### TASK GOAL
Reproduce word for word, from the entries below, the line with "Ботинки Nunn Bush", the line with "Black 1920s Accessories Set-State of Style", and every line between them, and nothing more.

<<<<

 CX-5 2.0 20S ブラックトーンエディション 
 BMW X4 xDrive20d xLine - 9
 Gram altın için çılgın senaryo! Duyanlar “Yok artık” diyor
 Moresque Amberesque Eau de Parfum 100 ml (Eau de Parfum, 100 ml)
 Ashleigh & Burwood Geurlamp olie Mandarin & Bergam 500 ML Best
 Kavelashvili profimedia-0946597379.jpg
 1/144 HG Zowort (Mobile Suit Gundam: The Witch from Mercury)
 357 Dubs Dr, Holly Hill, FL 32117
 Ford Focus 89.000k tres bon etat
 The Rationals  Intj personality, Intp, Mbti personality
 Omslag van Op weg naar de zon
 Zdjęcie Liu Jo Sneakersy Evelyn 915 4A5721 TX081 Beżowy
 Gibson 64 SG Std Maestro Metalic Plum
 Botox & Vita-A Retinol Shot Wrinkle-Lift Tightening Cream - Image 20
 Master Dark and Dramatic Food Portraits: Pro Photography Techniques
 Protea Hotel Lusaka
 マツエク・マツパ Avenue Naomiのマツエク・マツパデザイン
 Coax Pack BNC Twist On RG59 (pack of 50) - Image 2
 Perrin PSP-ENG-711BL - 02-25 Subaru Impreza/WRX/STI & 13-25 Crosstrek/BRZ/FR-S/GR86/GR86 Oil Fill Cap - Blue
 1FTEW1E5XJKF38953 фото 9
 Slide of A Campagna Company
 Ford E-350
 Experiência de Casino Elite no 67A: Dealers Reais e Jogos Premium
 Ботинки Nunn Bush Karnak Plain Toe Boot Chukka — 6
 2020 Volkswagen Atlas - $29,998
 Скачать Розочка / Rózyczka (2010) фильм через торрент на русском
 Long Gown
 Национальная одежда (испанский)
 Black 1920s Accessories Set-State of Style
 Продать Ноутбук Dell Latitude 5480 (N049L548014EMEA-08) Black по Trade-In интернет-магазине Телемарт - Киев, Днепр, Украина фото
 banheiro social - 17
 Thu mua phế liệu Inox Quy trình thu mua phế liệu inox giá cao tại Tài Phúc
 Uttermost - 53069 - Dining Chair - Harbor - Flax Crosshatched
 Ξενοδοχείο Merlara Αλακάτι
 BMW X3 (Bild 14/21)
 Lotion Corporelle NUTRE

>>>>

### ANSWER FOR THIS EXERCISE
 Ботинки Nunn Bush Karnak Plain Toe Boot Chukka — 6
 2020 Volkswagen Atlas - $29,998
 Скачать Розочка / Rózyczka (2010) фильм через торрент на русском
 Long Gown
 Национальная одежда (испанский)
 Black 1920s Accessories Set-State of Style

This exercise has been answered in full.